TASK ITEM - From the listing below, reproduce exactly the lines starting with the one with "Team Racing Basics" and going on through the one with "Торговое помещение, 37", both ends kept. No picture is copied.

DATA PROVIDED -

..........

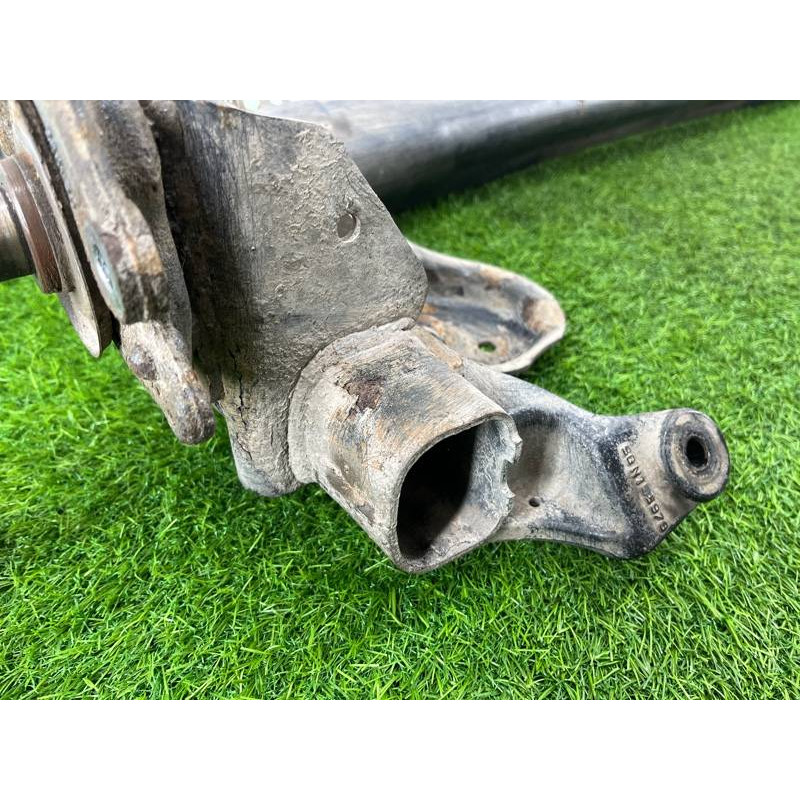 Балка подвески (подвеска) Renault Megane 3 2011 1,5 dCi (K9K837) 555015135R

..........

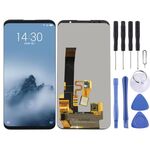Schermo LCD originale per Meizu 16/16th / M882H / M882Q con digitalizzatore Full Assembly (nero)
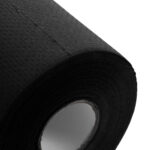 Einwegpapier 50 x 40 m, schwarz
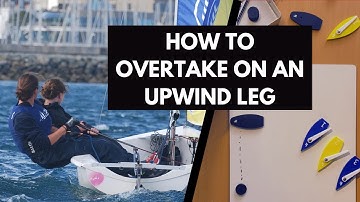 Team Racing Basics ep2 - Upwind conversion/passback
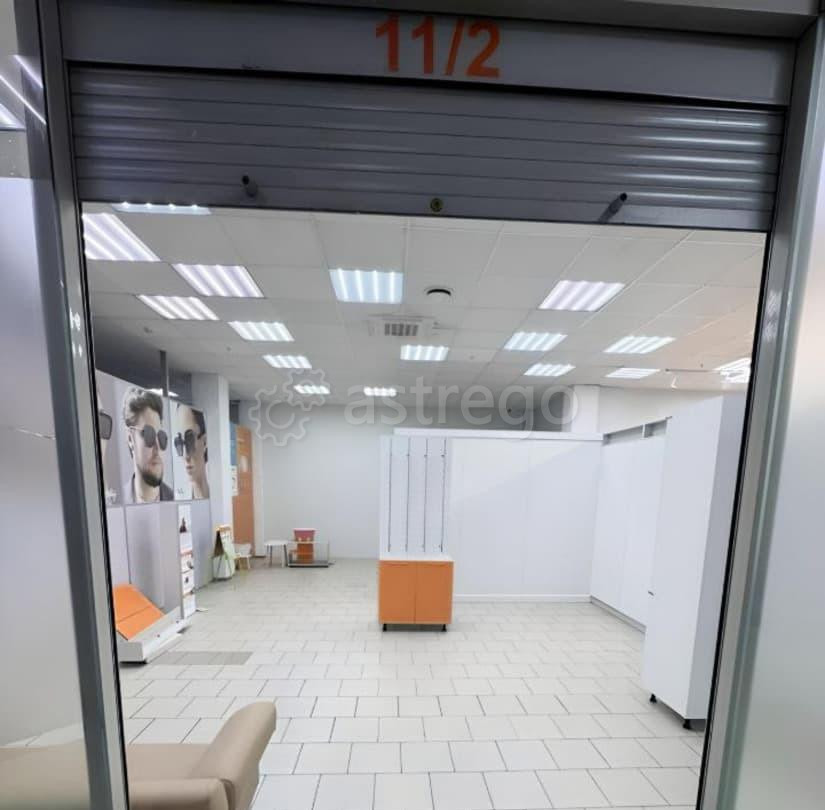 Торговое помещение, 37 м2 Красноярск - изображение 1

..........

ANSWER BOX -
 Team Racing Basics ep2 - Upwind conversion/passback
 Торговое помещение, 37 м2 Красноярск - изображение 1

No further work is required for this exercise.